Já o aumento da compra de máquinas e equipamentos foi impulsionado pela elevação das commodities que estimulou a compra de caminhões e máquinas agrícolas. Estudo do Centro de Estudos de Mercado de Capitais da Fipe (Cemec-Fipe) aponta que a agricultura e a construção foram responsáveis por 2/3 do crescimento da produção de bens de capital entre 2019 e 2021, o que explica a expansão dos investimentos mesmo em um cenário macroeconômico desfavorável, analisa o coordenador do Cemec-Fipe e responsável pelo estudo, Carlos Antonio Rocca.

Analisando os dados de investimentos de 472 empresas de capital aberto, o Cemec-Fipe constatou que as ligadas à agricultura aumentaram em 52% os investimentos entre o fim de 2019 e o terceiro trimestre de 2021, levando em conta o valor dos ativos imobilizados e intangíveis, o dobro dos 24% registrados pela média das empresas com capital aberto como um todo.

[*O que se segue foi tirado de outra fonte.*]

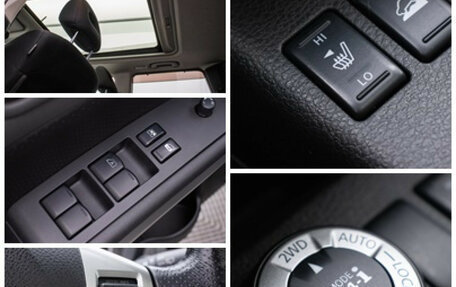 Nissan X-Trail, 2008 год, 1 098 000 рублей, 19 фотография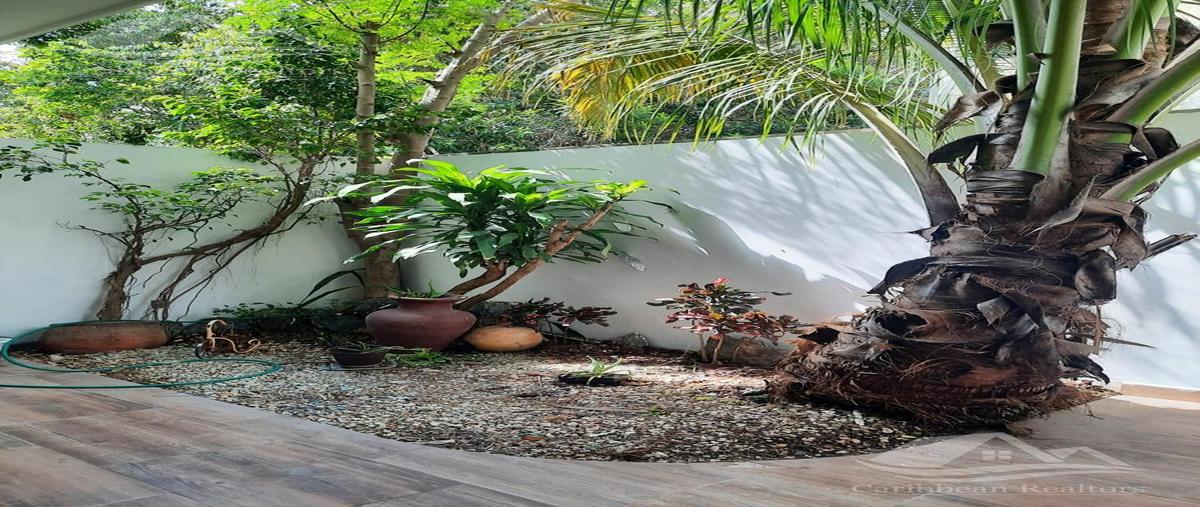 Foto de casa en venta en  , arbolada, benito juárez, quintana roo, 0 No. 05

As perspectivas para o futuro são incertas. No box do Relatório Trimestral da inflação, o Banco Central traçou um cenário positivo para o investimento com a contínua elevação das commodities e a apreciação cambial. Menciona também a agenda de investimentos em infraestrutura pautada pelas concessões e folga de caixa dos Estados e municípios. Por outro lado, a elevação da inflação, dos juros e a previsão de crescimento menor da economia jogam contra. As taxas altas podem enfraquecer o ímpeto da construção.